Seyahat ve Tehlikeler
Japonya’nın dağlık yapısı nedeniyle seyahat zordu. Çoğu yolculuk yürüyerek yapılır, yükler at arabalarında taşınırdı. Zenginler için kago (tahtırevan) en konforlu ulaşım yoluydu. Ancak yolculuklar haydutlar ve wako korsanları nedeniyle tehlikeliydi.
Rahipler, Kore ve Çin’e giderek oradaki bilgileri Japonya’ya taşıyorlardı. Bu seyahatler, Japonya’nın kültürel ve dini yapısını zenginleştirdi.
Ölüm, Cenaze ve İnançlar
Orta Çağ Avrupa’sında ortalama yaşam süresi 40 yıl iken, Japonya’da bu rakam 50 yıla yakındı. Buna rağmen kıtlık, savaşlar ve salgın hastalıklar yaşamı zorlaştırıyordu. Çiçek hastalığı ve cüzzam yaygındı.
Cenazelerde en yaygın yöntem cesedin yakılmasıydı. Japonlar ruhların “Shigo no Sekai” isimli karanlık dünyaya gittiğine inanıyordu. Budist inançlara göre ise ölüler cennete, cehenneme veya yeniden doğuşa yöneliyordu. Obon Festivali’nde ataların ruhlarının dünyayı ziyaret ettiğine inanılır ve üç gün boyunca ölenlere saygı gösterilirdi.
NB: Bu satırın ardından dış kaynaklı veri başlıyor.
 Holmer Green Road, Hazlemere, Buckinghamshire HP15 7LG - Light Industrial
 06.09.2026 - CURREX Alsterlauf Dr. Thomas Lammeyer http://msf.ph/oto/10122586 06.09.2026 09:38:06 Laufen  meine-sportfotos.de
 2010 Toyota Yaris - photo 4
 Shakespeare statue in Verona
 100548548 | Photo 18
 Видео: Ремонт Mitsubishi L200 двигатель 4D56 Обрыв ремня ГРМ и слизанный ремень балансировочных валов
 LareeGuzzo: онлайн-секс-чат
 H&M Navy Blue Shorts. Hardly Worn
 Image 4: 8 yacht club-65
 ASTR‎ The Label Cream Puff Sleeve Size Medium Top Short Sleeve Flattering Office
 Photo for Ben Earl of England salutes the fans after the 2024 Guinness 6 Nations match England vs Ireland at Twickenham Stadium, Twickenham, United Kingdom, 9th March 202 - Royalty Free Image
https://pinek.net/mileva-maric-potansiyeli-harcanan-matematik-dehasi
Sonuç: Zorlu Bir Dönemin Ardından
Bugün Japonya, teknoloji, ekonomi ve kültür alanlarında dünyanın önde gelen ülkelerinden biri. Ancak bu noktaya gelmesi, Orta Çağ’ın zorlu şartlarından geçmesiyle mümkün oldu. Savaşlarla, kıtlıklarla ve hastalıklarla yoğrulan o dönem, modern Japon toplumunun disiplinli ve dayanıklı yapısının temellerini attı.